## WHAT THE TASK REQUIRES
For the material below, reproduce exactly each line from the one that has "A swimmer with" through the one that has "Tunisiana deixa cabine", and no others; pictures stay out.

* * * * *

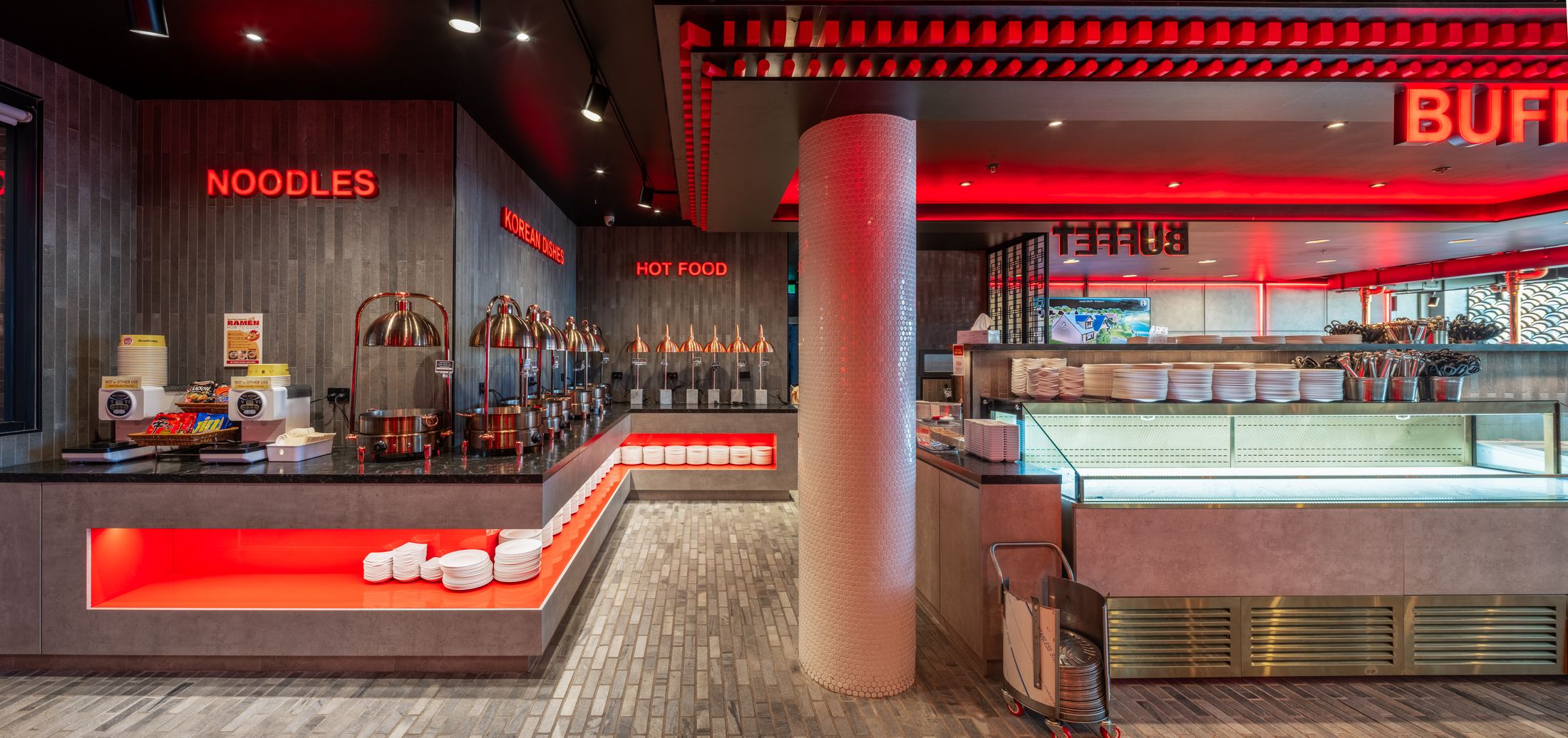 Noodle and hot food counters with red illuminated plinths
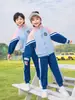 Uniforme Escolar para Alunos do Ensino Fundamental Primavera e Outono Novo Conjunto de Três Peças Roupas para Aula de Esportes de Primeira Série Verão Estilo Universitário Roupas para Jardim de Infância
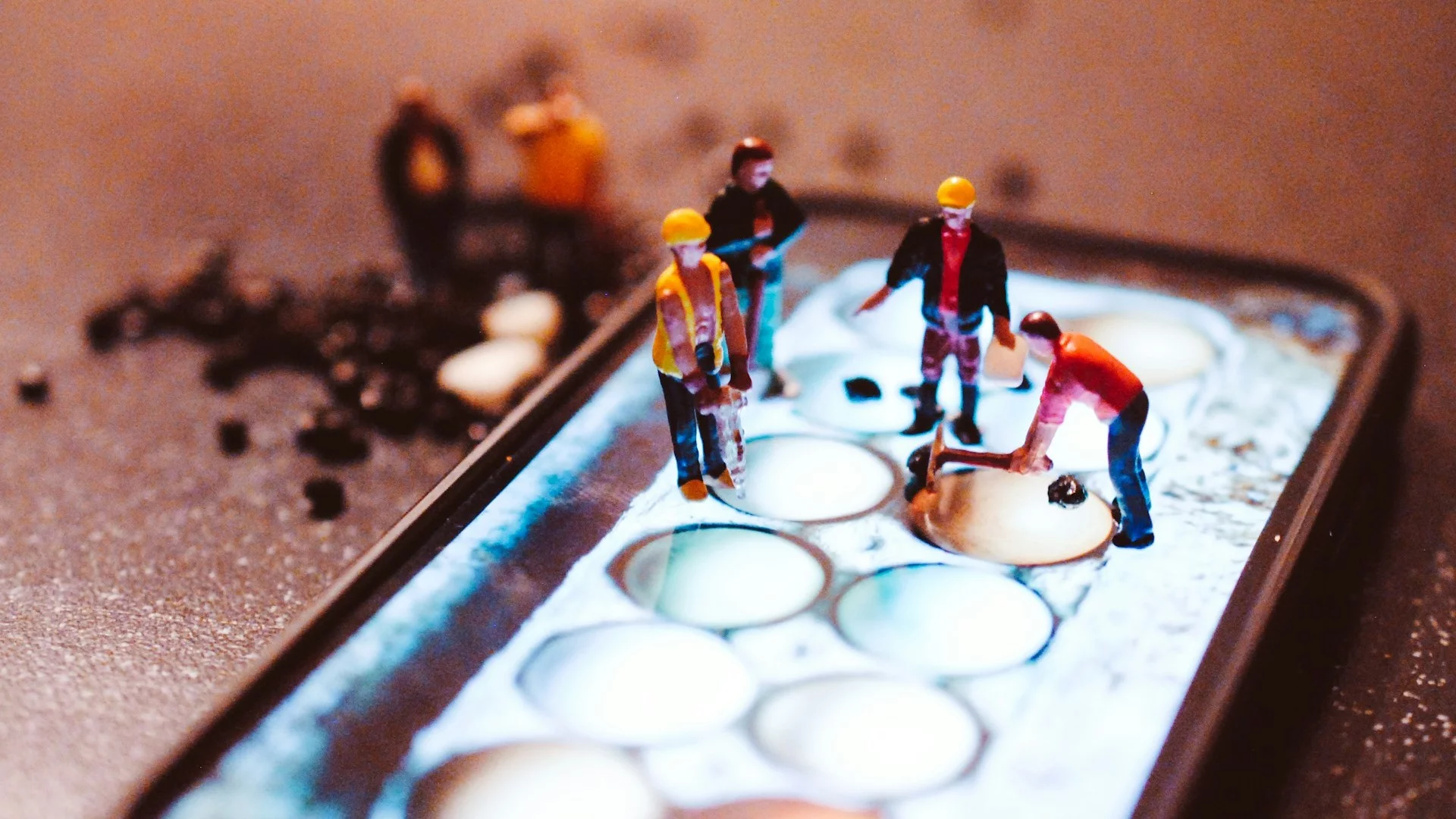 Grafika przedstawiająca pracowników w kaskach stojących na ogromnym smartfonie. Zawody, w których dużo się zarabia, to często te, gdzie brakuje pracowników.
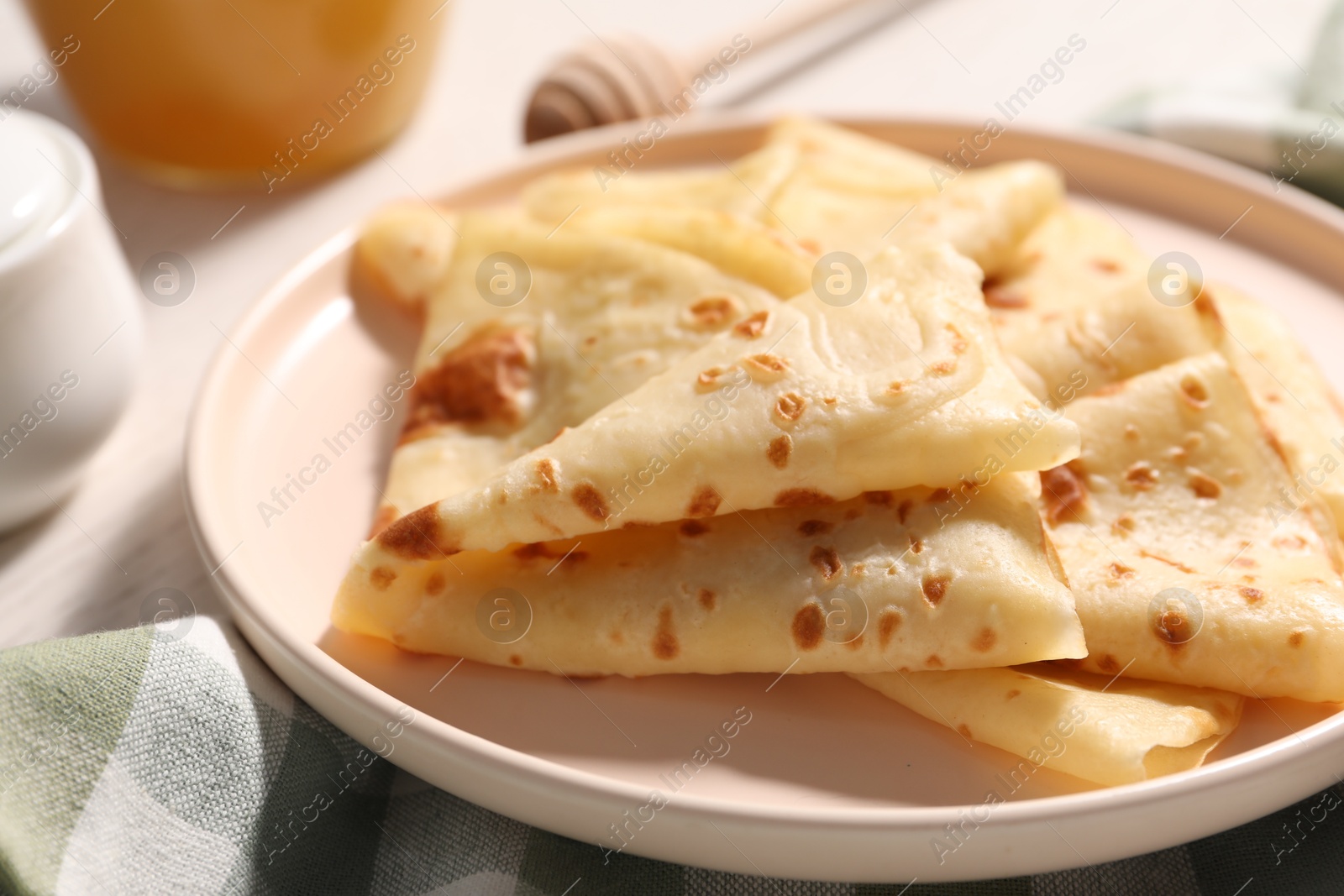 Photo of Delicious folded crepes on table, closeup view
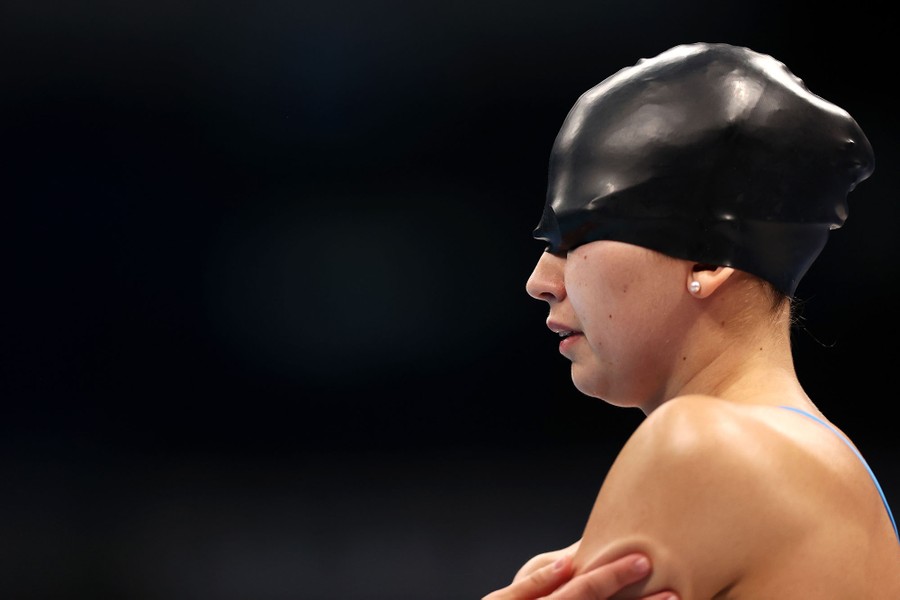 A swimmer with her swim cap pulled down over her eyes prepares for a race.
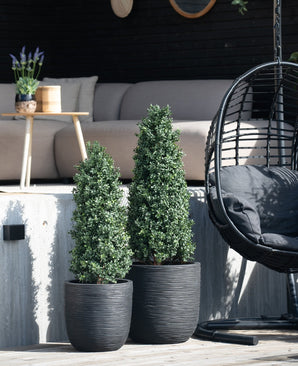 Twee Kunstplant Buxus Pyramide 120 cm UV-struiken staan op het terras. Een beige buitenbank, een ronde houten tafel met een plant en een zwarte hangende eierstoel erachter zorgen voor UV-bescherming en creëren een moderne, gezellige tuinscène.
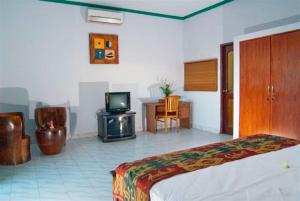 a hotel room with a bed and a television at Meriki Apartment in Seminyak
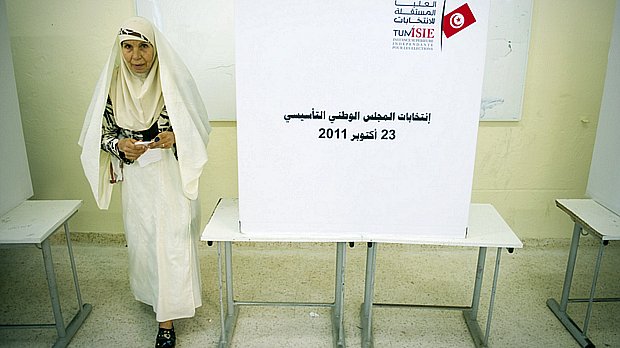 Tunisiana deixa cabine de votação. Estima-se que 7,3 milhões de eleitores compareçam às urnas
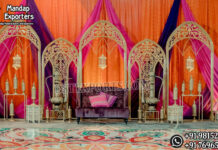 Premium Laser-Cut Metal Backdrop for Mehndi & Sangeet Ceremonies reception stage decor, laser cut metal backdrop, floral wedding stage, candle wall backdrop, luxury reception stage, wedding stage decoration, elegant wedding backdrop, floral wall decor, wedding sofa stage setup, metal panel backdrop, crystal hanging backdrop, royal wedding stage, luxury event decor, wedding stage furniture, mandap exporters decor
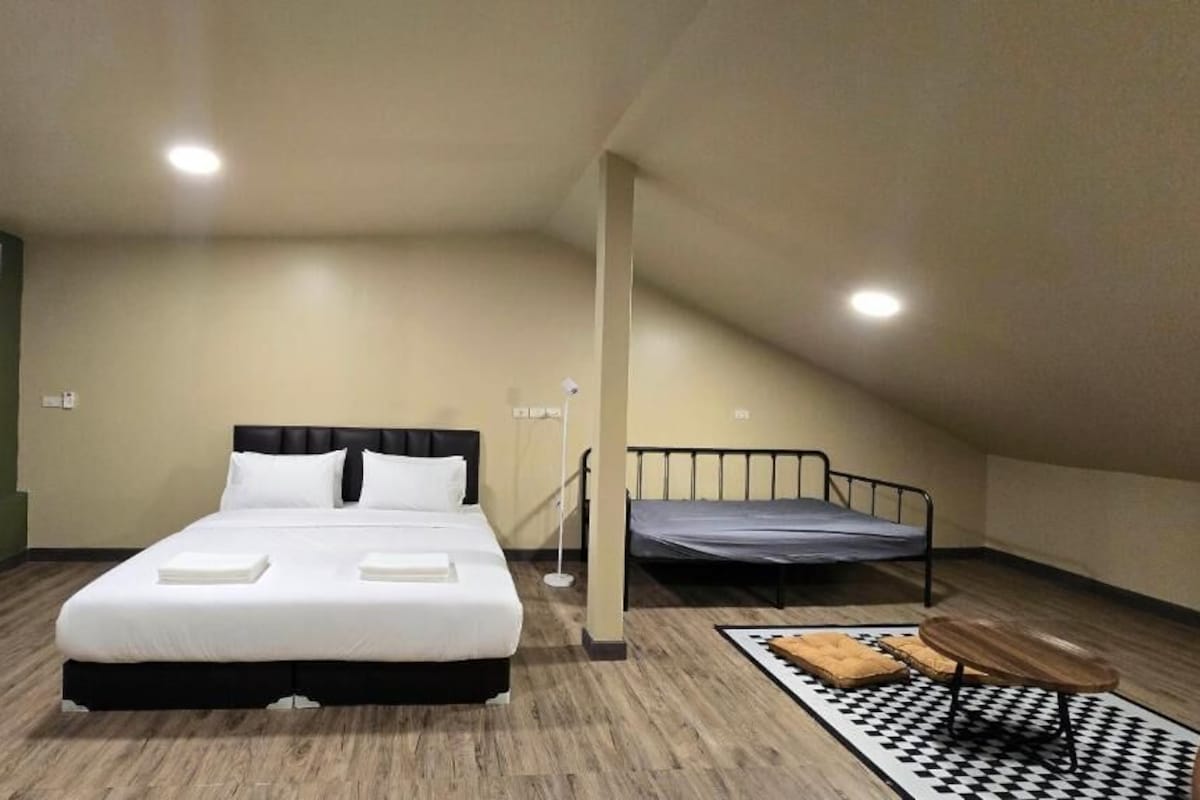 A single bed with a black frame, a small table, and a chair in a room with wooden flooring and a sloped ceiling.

* * * * *

## SOLUTION FOR THIS TASK
 A swimmer with her swim cap pulled down over her eyes prepares for a race.
 Twee Kunstplant Buxus Pyramide 120 cm UV-struiken staan op het terras. Een beige buitenbank, een ronde houten tafel met een plant en een zwarte hangende eierstoel erachter zorgen voor UV-bescherming en creëren een moderne, gezellige tuinscène.
 a hotel room with a bed and a television at Meriki Apartment in Seminyak
 Tunisiana deixa cabine de votação. Estima-se que 7,3 milhões de eleitores compareçam às urnas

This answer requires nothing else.